-- Data under study follows --
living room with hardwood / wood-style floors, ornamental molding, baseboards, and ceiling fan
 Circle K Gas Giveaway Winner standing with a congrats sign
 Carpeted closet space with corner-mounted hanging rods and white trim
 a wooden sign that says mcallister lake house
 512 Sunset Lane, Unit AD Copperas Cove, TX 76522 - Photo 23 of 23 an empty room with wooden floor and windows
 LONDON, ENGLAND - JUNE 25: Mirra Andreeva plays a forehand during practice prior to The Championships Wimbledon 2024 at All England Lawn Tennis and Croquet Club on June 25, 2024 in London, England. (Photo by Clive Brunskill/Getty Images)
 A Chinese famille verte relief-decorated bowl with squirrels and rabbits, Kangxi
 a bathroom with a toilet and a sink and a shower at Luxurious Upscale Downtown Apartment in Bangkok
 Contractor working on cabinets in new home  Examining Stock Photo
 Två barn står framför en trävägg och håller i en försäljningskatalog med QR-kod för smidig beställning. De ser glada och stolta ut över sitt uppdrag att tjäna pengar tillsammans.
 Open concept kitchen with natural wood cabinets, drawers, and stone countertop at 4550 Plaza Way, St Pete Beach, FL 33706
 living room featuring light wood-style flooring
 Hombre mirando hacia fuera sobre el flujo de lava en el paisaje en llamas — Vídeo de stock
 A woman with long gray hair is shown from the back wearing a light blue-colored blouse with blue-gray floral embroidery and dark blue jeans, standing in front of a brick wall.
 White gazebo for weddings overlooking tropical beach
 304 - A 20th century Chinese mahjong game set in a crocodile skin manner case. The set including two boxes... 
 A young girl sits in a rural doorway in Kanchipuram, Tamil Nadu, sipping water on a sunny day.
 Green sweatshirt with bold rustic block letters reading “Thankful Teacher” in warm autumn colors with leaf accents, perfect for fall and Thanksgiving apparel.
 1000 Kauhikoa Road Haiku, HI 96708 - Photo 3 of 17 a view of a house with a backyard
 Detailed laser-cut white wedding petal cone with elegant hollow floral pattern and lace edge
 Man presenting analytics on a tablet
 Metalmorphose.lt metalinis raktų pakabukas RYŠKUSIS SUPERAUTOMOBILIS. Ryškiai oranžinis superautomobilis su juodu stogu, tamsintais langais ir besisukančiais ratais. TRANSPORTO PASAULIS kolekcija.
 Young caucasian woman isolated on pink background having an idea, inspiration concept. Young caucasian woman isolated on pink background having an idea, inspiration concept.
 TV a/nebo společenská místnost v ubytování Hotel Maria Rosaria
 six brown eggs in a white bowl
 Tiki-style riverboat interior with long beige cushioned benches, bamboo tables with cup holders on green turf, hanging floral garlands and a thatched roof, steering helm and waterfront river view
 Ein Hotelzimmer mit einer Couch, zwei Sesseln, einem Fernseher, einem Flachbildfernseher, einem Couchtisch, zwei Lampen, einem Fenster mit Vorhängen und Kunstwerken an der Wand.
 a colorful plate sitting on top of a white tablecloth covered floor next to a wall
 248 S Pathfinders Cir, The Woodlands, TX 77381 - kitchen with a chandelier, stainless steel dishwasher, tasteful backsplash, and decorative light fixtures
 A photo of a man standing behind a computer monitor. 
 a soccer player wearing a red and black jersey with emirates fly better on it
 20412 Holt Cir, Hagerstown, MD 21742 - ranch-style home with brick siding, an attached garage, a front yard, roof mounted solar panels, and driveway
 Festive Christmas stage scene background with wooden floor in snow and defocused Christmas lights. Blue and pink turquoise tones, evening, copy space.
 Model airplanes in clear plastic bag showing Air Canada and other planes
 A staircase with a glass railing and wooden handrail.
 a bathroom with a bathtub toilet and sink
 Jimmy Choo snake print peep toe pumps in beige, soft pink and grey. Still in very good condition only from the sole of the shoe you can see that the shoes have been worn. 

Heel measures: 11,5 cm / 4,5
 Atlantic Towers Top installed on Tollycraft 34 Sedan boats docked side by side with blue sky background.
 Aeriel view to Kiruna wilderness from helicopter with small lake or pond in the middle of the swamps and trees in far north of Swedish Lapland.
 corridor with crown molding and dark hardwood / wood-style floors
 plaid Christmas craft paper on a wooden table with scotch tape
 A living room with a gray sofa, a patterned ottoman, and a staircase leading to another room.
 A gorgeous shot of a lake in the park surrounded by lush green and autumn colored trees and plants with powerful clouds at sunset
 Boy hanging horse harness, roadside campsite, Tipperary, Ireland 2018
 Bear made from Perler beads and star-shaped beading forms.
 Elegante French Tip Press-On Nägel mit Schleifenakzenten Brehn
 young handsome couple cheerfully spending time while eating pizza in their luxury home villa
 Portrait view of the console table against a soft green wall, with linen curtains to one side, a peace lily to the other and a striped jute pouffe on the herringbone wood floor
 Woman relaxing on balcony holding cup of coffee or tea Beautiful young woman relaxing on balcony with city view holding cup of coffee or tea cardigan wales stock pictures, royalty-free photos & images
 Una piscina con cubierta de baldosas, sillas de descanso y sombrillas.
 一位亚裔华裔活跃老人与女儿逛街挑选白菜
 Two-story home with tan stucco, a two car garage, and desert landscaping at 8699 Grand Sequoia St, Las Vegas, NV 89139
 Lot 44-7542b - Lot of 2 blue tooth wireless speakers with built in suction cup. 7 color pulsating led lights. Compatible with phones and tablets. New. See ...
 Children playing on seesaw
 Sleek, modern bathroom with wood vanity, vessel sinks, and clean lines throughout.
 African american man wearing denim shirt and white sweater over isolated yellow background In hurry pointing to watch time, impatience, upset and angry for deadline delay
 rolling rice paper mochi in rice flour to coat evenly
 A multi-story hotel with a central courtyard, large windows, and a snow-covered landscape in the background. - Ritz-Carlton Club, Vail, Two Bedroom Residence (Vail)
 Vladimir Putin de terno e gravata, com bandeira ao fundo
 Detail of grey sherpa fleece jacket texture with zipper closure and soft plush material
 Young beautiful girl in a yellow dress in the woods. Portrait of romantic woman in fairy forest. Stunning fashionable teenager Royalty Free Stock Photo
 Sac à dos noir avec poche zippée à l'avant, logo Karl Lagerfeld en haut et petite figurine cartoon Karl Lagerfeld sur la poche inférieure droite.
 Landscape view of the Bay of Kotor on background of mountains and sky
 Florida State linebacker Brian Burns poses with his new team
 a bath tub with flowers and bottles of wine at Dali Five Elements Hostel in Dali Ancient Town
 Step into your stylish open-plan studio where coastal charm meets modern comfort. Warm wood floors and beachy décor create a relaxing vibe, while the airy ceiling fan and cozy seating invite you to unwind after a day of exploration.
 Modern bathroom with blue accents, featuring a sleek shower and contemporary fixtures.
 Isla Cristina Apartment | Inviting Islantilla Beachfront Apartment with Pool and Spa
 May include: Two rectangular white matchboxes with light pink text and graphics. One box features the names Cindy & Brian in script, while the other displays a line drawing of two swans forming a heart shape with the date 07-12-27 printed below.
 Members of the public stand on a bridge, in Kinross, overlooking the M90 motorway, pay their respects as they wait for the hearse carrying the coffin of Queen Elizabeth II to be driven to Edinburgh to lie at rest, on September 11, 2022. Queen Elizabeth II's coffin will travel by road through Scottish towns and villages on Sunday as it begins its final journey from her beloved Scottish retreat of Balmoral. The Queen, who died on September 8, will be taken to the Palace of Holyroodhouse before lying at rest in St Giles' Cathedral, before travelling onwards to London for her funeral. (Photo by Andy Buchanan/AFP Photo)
-- Data under study concluded --
> _How to complete this task_
Every record, from top to bottom, must be transcribed exactly.

> _Solution_
living room with hardwood / wood-style floors, ornamental molding, baseboards, and ceiling fan
 Circle K Gas Giveaway Winner standing with a congrats sign
 Carpeted closet space with corner-mounted hanging rods and white trim
 a wooden sign that says mcallister lake house
 512 Sunset Lane, Unit AD Copperas Cove, TX 76522 - Photo 23 of 23 an empty room with wooden floor and windows
 LONDON, ENGLAND - JUNE 25: Mirra Andreeva plays a forehand during practice prior to The Championships Wimbledon 2024 at All England Lawn Tennis and Croquet Club on June 25, 2024 in London, England. (Photo by Clive Brunskill/Getty Images)
 A Chinese famille verte relief-decorated bowl with squirrels and rabbits, Kangxi
 a bathroom with a toilet and a sink and a shower at Luxurious Upscale Downtown Apartment in Bangkok
 Contractor working on cabinets in new home  Examining Stock Photo
 Två barn står framför en trävägg och håller i en försäljningskatalog med QR-kod för smidig beställning. De ser glada och stolta ut över sitt uppdrag att tjäna pengar tillsammans.
 Open concept kitchen with natural wood cabinets, drawers, and stone countertop at 4550 Plaza Way, St Pete Beach, FL 33706
 living room featuring light wood-style flooring
 Hombre mirando hacia fuera sobre el flujo de lava en el paisaje en llamas — Vídeo de stock
 A woman with long gray hair is shown from the back wearing a light blue-colored blouse with blue-gray floral embroidery and dark blue jeans, standing in front of a brick wall.
 White gazebo for weddings overlooking tropical beach
 304 - A 20th century Chinese mahjong game set in a crocodile skin manner case. The set including two boxes... 
 A young girl sits in a rural doorway in Kanchipuram, Tamil Nadu, sipping water on a sunny day.
 Green sweatshirt with bold rustic block letters reading “Thankful Teacher” in warm autumn colors with leaf accents, perfect for fall and Thanksgiving apparel.
 1000 Kauhikoa Road Haiku, HI 96708 - Photo 3 of 17 a view of a house with a backyard
 Detailed laser-cut white wedding petal cone with elegant hollow floral pattern and lace edge
 Man presenting analytics on a tablet
 Metalmorphose.lt metalinis raktų pakabukas RYŠKUSIS SUPERAUTOMOBILIS. Ryškiai oranžinis superautomobilis su juodu stogu, tamsintais langais ir besisukančiais ratais. TRANSPORTO PASAULIS kolekcija.
 Young caucasian woman isolated on pink background having an idea, inspiration concept. Young caucasian woman isolated on pink background having an idea, inspiration concept.
 TV a/nebo společenská místnost v ubytování Hotel Maria Rosaria
 six brown eggs in a white bowl
 Tiki-style riverboat interior with long beige cushioned benches, bamboo tables with cup holders on green turf, hanging floral garlands and a thatched roof, steering helm and waterfront river view
 Ein Hotelzimmer mit einer Couch, zwei Sesseln, einem Fernseher, einem Flachbildfernseher, einem Couchtisch, zwei Lampen, einem Fenster mit Vorhängen und Kunstwerken an der Wand.
 a colorful plate sitting on top of a white tablecloth covered floor next to a wall
 248 S Pathfinders Cir, The Woodlands, TX 77381 - kitchen with a chandelier, stainless steel dishwasher, tasteful backsplash, and decorative light fixtures
 A photo of a man standing behind a computer monitor. 
 a soccer player wearing a red and black jersey with emirates fly better on it
 20412 Holt Cir, Hagerstown, MD 21742 - ranch-style home with brick siding, an attached garage, a front yard, roof mounted solar panels, and driveway
 Festive Christmas stage scene background with wooden floor in snow and defocused Christmas lights. Blue and pink turquoise tones, evening, copy space.
 Model airplanes in clear plastic bag showing Air Canada and other planes
 A staircase with a glass railing and wooden handrail.
 a bathroom with a bathtub toilet and sink
 Jimmy Choo snake print peep toe pumps in beige, soft pink and grey. Still in very good condition only from the sole of the shoe you can see that the shoes have been worn. 

Heel measures: 11,5 cm / 4,5
 Atlantic Towers Top installed on Tollycraft 34 Sedan boats docked side by side with blue sky background.
 Aeriel view to Kiruna wilderness from helicopter with small lake or pond in the middle of the swamps and trees in far north of Swedish Lapland.
 corridor with crown molding and dark hardwood / wood-style floors
 plaid Christmas craft paper on a wooden table with scotch tape
 A living room with a gray sofa, a patterned ottoman, and a staircase leading to another room.
 A gorgeous shot of a lake in the park surrounded by lush green and autumn colored trees and plants with powerful clouds at sunset
 Boy hanging horse harness, roadside campsite, Tipperary, Ireland 2018
 Bear made from Perler beads and star-shaped beading forms.
 Elegante French Tip Press-On Nägel mit Schleifenakzenten Brehn
 young handsome couple cheerfully spending time while eating pizza in their luxury home villa
 Portrait view of the console table against a soft green wall, with linen curtains to one side, a peace lily to the other and a striped jute pouffe on the herringbone wood floor
 Woman relaxing on balcony holding cup of coffee or tea Beautiful young woman relaxing on balcony with city view holding cup of coffee or tea cardigan wales stock pictures, royalty-free photos & images
 Una piscina con cubierta de baldosas, sillas de descanso y sombrillas.
 一位亚裔华裔活跃老人与女儿逛街挑选白菜
 Two-story home with tan stucco, a two car garage, and desert landscaping at 8699 Grand Sequoia St, Las Vegas, NV 89139
 Lot 44-7542b - Lot of 2 blue tooth wireless speakers with built in suction cup. 7 color pulsating led lights. Compatible with phones and tablets. New. See ...
 Children playing on seesaw
 Sleek, modern bathroom with wood vanity, vessel sinks, and clean lines throughout.
 African american man wearing denim shirt and white sweater over isolated yellow background In hurry pointing to watch time, impatience, upset and angry for deadline delay
 rolling rice paper mochi in rice flour to coat evenly
 A multi-story hotel with a central courtyard, large windows, and a snow-covered landscape in the background. - Ritz-Carlton Club, Vail, Two Bedroom Residence (Vail)
 Vladimir Putin de terno e gravata, com bandeira ao fundo
 Detail of grey sherpa fleece jacket texture with zipper closure and soft plush material
 Young beautiful girl in a yellow dress in the woods. Portrait of romantic woman in fairy forest. Stunning fashionable teenager Royalty Free Stock Photo
 Sac à dos noir avec poche zippée à l'avant, logo Karl Lagerfeld en haut et petite figurine cartoon Karl Lagerfeld sur la poche inférieure droite.
 Landscape view of the Bay of Kotor on background of mountains and sky
 Florida State linebacker Brian Burns poses with his new team
 a bath tub with flowers and bottles of wine at Dali Five Elements Hostel in Dali Ancient Town
 Step into your stylish open-plan studio where coastal charm meets modern comfort. Warm wood floors and beachy décor create a relaxing vibe, while the airy ceiling fan and cozy seating invite you to unwind after a day of exploration.
 Modern bathroom with blue accents, featuring a sleek shower and contemporary fixtures.
 Isla Cristina Apartment | Inviting Islantilla Beachfront Apartment with Pool and Spa
 May include: Two rectangular white matchboxes with light pink text and graphics. One box features the names Cindy & Brian in script, while the other displays a line drawing of two swans forming a heart shape with the date 07-12-27 printed below.
 Members of the public stand on a bridge, in Kinross, overlooking the M90 motorway, pay their respects as they wait for the hearse carrying the coffin of Queen Elizabeth II to be driven to Edinburgh to lie at rest, on September 11, 2022. Queen Elizabeth II's coffin will travel by road through Scottish towns and villages on Sunday as it begins its final journey from her beloved Scottish retreat of Balmoral. The Queen, who died on September 8, will be taken to the Palace of Holyroodhouse before lying at rest in St Giles' Cathedral, before travelling onwards to London for her funeral. (Photo by Andy Buchanan/AFP Photo)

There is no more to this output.